Ou seja, o processo de primárias do Partido Democrata é um filtro econômico tão acentuado que mesmo milionários como Andrew Yang, ou bilionários como Michael Bloomberg, com riqueza avaliada em US$ 300 bilhões, não conseguem enfrentar as exigências que ainda contam com cerceamento de dados, exclusividade de acesso, direitos especiais e todo um jogo de cartas marcadas que tornam extremamente previsível antever quem será o nominado a partir do apoio de um seleto grupo de dirigentes do DNC.
Se era perceptível a todos os cidadãos registrados no partido que Joe Biden era um candidato fraco, nada disso refletiu nas sucessivas primárias que lhe davam retumbantes vitórias cartoriais.

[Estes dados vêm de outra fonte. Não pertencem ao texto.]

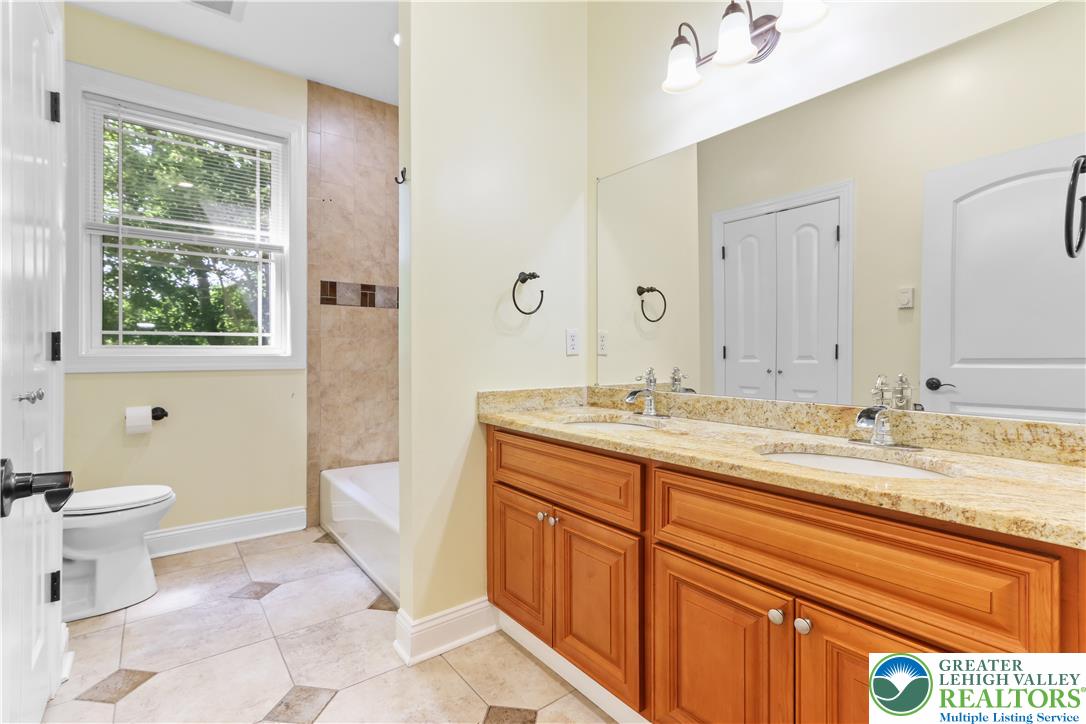 1007 Hampstead Road Bushkill, PA 18324 - Photo 28 of 72 Granite counters and double vanity highlight this well-appointed bathroom.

Foi apenas quando esse processo interno estava já terminado, aguardando a formalização da convenção, e os enfrentamentos com a realidade política estadunidense se iniciaram, ou seja, o confronto com o candidato republicano em arena aberta, que se tornou impossível esconder o sol com a peneira em relação à debilidade do escolhido democrata.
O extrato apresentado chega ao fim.